UF researchers receive $1 million grant to study colorectal cancer

July 24, 2002

GAINESVILLE-University of Florida Shands Cancer Center researchers have received $1 million in federal funds to study a new molecular marker for colorectal cancer through a multicenter international trial.

Each year, about 150,000 Americans are diagnosed with colorectal cancer. Of those patients whose cancer spreads, only about 5 percent survive five years because current tests to determine whether the disease is progressing aren’t always accurate.

Physicians typically measure the levels of chorioembryonic antigen, or CEA, that tumors release into the bloodstream to assess whether the disease has migrated out of the intestinal tract. But other tumors also generate CEA, so it is not a specific indicator of colorectal cancer.

Pathologists also examine a sampling of patients’ lymph nodes to see whether tumor cells are present, but accuracy is a problem because it’s impossible to check every part of every node.

UF researchers seek to confirm that a compound called guanylyl cyclase C, or GCC, is a more precise marker for colorectal malignancies. Preliminary studies have shown it has promise, particularly in signaling that cancer has metastasized, said Dr. Scott Schell, an assistant professor of surgery and of molecular genetics and microbiology at UF’s College of Medicine and the UF Shands Cancer Center. That’s likely because GCC is only produced by cells that line the intestines and by those that turn malignant and travel elsewhere in the body.

Schell is the study’s principal investigator at the UF site. Thomas Jefferson Research Hospital in Philadelphia is subcontracting the research to UF through a grant it received from the National Cancer Institute. McGill University in Montreal also is participating.

UF surgeons will examine GCC levels in tumors taken from 200 patients undergoing surgery for colorectal cancer. They also will remove lymph nodes that will be examined in the laboratory using a gene amplification technique. The approach will enable scientists to detect the genes that produce GCC if they are present in the lymph nodes, a sign that cancerous cells are no longer confined to the bowel.

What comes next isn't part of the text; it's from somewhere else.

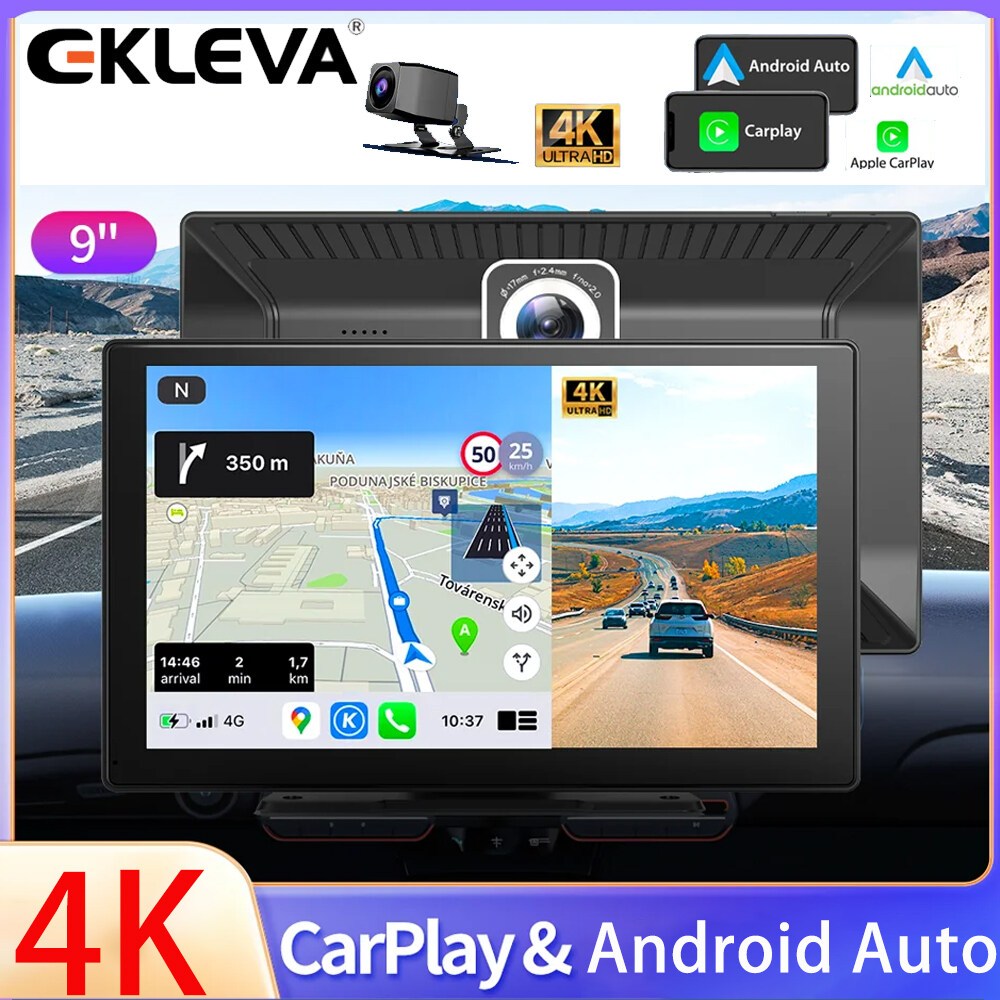 Ekleva 4K 9 นิ้ว Dash Cam พร้อม Morrir Link Carplay & Android Auto สมาร์ทเครื่องเล่นขนาดใหญ่พร้อมระบ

“If a single copy of a gene is present, this method can replicate it millions of times in a short period of time, allowing us to use specific genetic probes to determine if the gene is present and how much of the gene is around,” Schell said. “The analogy goes beyond finding the ‘needle in the haystack’ to more like finding a ‘single grain of sand on the beach.’”

Scientists also will study whether GCC levels in tumors predict the degree of lymph node involvement, the need for chemotherapy, the likelihood of disease recurrence or spread, and the prognosis for survival, Schell said. Study participants will be tracked for five years.

“The end goal will be to determine whether we can recommend that the current pathology examination of lymph nodes can be more accurately, more quickly and more cheaply performed using this gene amplification technique after surgery for colon and rectal cancers,” Schell said. “Also, preliminary studies are under way to examine whether gene amplification can be performed on a simple blood test, for use in following patients with the diagnosis of colon and rectal cancers, and perhaps even as a future screening test.”

Work by Dr. Rodwige J. Desnoyers, formerly an assistant professor of medicine in the division of hematology/oncology at UF’s College of Medicine, helped lay the groundwork for the latest study. In recent years, Desnoyers, who collaborated with Thomas Jefferson scientist Dr. Scott Waldman, published findings from retrospective studies showing that measuring GCC levels caught cancer recurrence in colon cancer patients, even when standard tests missed it.

At UF, Schell is collaborating with Dr. James Crawford, a professor and chairman of the department of pathology, immunology and laboratory medicine; and medical oncologist Dr. Robert Marsh, an associate professor of medicine.